09 de janeiro, de 2013 | 00:00
Espera por indenização dura seis anos
Famílias que perderam casas por causa de obra da Copasa ainda moram em hotel
FABRICIANO Nunca vamos recuperar esse tempo que passamos aqui, isso acabou com a nossa família, é uma cicatriz deixada que dinheiro nenhum vai apagar. Meu marido anda muito aborrecido e meus filhos não têm mais alegria, mas sair daqui por conta própria nós não vamos sair de maneira alguma, só quando todos os nossos direitos estiverem garantidos e tudo for resolvido”. O desabafo é da artesã Inês Oliveira Coutinho, de 48 anos.Depois de perder a casa onde moravam, ela, o marido e os três filhos foram levado para um hotel, no centro de Coronel Fabriciano, e lá esperam há seis anos por uma indenização, que se arrasta por causa da morosidade da Justiça.
Era janeiro de 2007, quando cinco famílias foram surpreendidas por um deslizamento de terra, provocado pelo corte de barranco, realizado por uma empreiteira da Copasa no fundo das residências para a passagem de uma rede coletora de esgoto. As casas foram condenadas pela Defesa Civil, e as famílias levadas para um hotel. A moradia deveria ser provisória e durar no máximo três semanas, mas a situação já perdura há seis anos.
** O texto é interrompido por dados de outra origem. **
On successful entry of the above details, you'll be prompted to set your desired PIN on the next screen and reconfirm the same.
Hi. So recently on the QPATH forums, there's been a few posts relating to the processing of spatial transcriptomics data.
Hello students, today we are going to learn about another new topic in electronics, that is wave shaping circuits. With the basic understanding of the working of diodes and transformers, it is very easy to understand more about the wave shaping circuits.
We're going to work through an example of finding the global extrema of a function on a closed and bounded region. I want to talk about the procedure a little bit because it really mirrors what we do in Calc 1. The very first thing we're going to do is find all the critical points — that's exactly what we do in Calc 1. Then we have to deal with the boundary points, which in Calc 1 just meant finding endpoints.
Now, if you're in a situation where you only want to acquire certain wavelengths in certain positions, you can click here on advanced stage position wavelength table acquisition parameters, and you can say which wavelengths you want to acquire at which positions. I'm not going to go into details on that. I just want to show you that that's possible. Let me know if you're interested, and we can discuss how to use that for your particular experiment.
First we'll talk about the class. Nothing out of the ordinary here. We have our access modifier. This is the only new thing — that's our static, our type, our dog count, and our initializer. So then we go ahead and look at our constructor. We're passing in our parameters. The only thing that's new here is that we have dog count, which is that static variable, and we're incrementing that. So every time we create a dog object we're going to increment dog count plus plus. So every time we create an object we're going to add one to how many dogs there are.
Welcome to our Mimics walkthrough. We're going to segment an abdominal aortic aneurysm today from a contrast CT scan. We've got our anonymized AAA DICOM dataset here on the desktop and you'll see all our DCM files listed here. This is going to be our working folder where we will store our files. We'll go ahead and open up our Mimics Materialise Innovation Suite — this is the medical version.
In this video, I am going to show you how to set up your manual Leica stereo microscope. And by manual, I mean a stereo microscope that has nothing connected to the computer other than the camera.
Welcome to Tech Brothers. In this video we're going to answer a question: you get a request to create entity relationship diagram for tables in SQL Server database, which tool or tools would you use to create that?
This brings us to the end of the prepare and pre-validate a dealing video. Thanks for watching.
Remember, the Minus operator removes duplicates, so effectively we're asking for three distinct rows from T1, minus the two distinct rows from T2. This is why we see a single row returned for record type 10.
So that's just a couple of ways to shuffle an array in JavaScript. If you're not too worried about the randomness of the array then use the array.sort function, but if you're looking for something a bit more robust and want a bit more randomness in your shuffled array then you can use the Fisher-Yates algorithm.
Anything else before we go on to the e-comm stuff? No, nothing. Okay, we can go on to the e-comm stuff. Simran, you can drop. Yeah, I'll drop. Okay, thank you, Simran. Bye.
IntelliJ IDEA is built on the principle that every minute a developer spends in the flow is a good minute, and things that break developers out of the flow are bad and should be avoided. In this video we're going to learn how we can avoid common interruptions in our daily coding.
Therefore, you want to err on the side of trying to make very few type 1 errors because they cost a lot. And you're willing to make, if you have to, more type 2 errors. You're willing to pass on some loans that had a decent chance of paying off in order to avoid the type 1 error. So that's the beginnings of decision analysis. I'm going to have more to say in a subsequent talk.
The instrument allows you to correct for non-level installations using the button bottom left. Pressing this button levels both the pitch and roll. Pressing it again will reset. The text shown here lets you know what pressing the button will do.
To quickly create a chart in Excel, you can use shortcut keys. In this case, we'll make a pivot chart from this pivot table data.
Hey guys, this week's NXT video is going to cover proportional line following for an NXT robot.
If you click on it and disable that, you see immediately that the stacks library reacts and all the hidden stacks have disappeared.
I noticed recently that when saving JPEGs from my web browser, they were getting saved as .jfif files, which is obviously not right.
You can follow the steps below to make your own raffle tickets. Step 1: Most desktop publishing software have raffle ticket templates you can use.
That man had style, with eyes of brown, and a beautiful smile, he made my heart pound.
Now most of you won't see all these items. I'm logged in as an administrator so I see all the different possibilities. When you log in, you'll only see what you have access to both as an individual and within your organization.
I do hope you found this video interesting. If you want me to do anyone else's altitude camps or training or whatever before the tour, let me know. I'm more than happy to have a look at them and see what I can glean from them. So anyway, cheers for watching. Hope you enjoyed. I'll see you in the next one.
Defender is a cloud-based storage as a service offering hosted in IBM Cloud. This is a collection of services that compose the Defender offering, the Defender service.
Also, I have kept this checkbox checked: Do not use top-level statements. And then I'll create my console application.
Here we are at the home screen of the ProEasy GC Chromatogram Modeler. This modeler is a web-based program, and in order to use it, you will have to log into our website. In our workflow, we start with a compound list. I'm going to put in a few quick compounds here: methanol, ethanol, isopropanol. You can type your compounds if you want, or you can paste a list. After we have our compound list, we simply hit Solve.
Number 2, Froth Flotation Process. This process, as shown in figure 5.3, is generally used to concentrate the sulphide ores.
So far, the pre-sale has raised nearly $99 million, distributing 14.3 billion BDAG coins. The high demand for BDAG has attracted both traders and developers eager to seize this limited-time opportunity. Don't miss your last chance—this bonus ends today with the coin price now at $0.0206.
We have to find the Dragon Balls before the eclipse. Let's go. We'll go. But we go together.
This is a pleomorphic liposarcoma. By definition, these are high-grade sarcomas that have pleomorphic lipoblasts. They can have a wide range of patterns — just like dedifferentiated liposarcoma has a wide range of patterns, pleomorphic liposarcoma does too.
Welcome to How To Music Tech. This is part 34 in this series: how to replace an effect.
Atualmente, três das cinco famílias continuam abrigadas no hotel, as outras duas saíram por conta própria e custeiam o aluguel. Antes de serem acomodadas na hospedagem os fabricianenses moravam na rua Paracatu, bairro Morada do Vale. Durante todos esses anos os imóveis permaneceram fechados, sem receber nenhuma intervenção e continuam interditados pela Defesa Civil.
A artesã Inês Oliveira Coutinho, reclama que a cada ano que passa a situação piora. Os quartos do hotel são apertados, não há como receber visitas, comemorar datas festivas ou viver o cotidiano de uma família comum. Inconformados com a situação, os filhos e o marido apresentam sinais de depressão.
Durante todos esses anos não houve avanço nas negociações, segundo Inês e, recentemente, a Copasa propões pagar R$ 35 mil para uma das famílias. Esse valor dá para comprar uma casa, dá? Nós não aceitamos e agora não vamos aceitar qualquer proposta porque são seis anos de sofrimento. E nós só vamos sair daqui com todos os nossos direitos na mão”, disse.
Resposta
Por meio de nota, a Assessoria de Imprensa da Copasa, em Belo Horizonte, responde que o processo sobre a obra da Copasa no bairro Morada do Vale, em Coronel Fabriciano, ainda está sob análise pela justiça. A Copasa aguarda a decisão judicial para se pronunciar”, conclui a nota.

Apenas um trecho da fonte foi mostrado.